Data shown:
◇ ◇ ◇ ◇ ◇ ◇ ◇
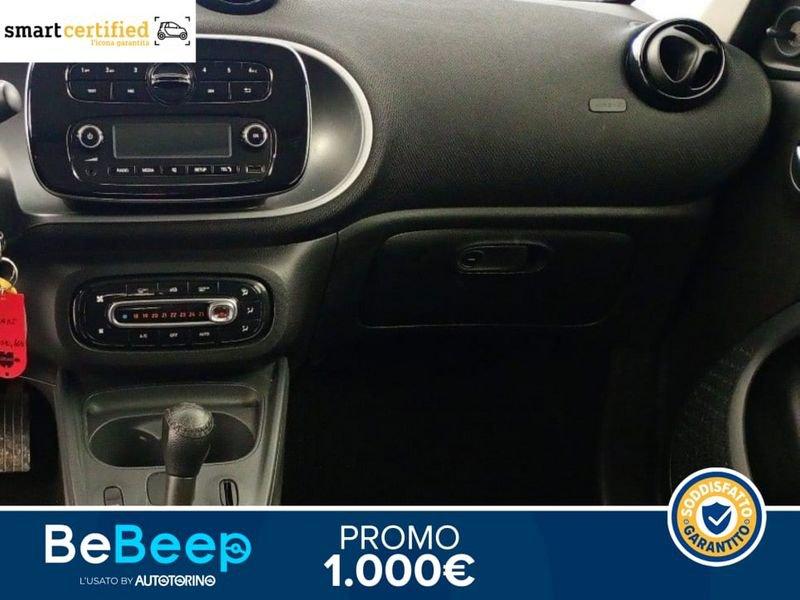 smart fortwo EQ PASSION 4,6KW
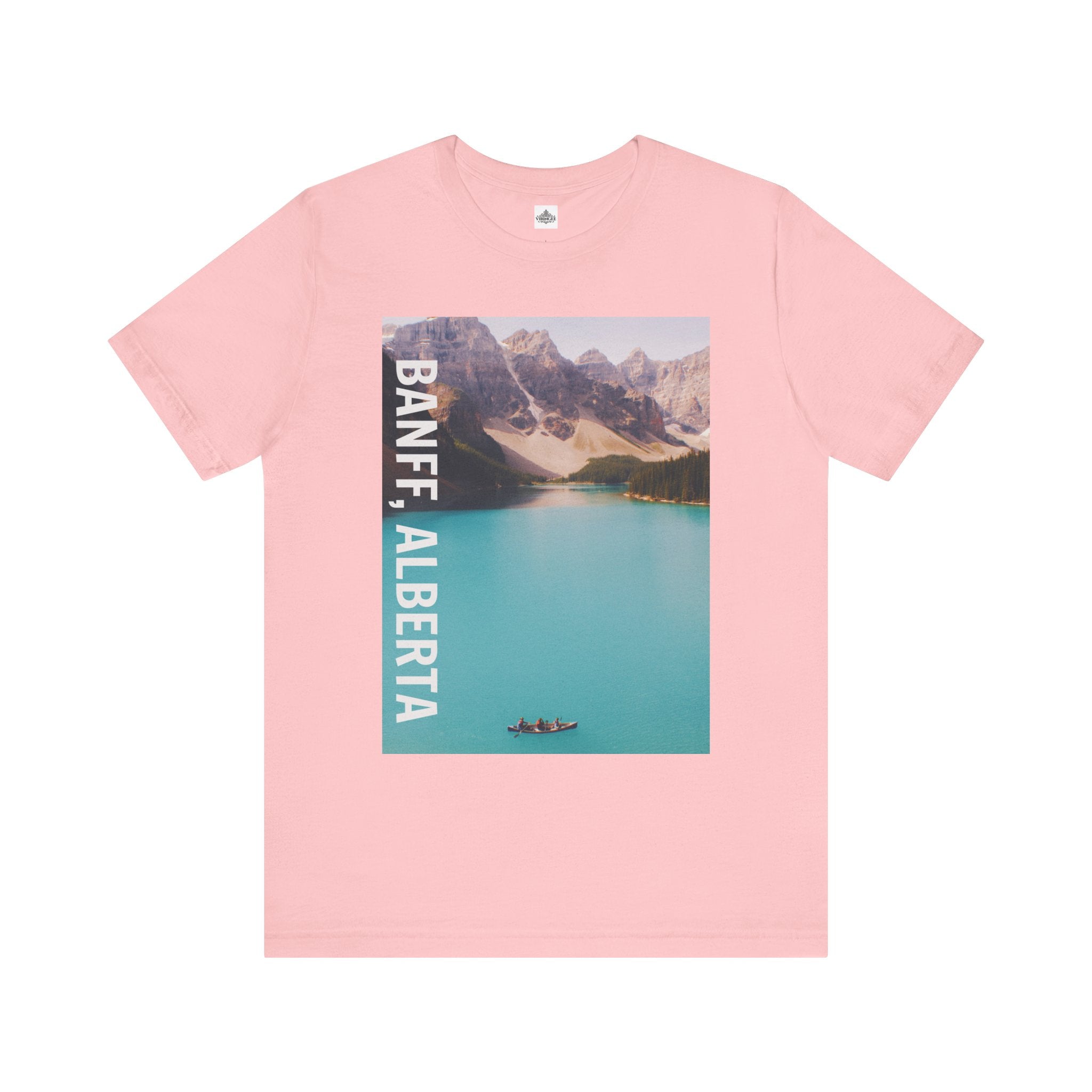 Unisex Banff T-shirt with outdoor adventure design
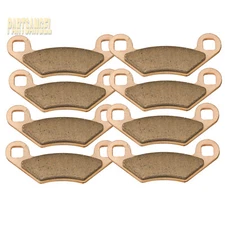 F+R Sintered Brake Pads For Polaris Sportsman XP 1000 High Lifter 2016 - 2020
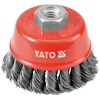 YATO BET šepetys 60 mm, M14 sriegis, susukta viela 4767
◇ ◇ ◇ ◇ ◇ ◇ ◇
Problem to solve:
The pictures in the data should be omitted, and every remaining line set down exactly.

Response to this task:
 smart fortwo EQ PASSION 4,6KW
 Unisex Banff T-shirt with outdoor adventure design
 F+R Sintered Brake Pads For Polaris Sportsman XP 1000 High Lifter 2016 - 2020
 YATO BET šepetys 60 mm, M14 sriegis, susukta viela 4767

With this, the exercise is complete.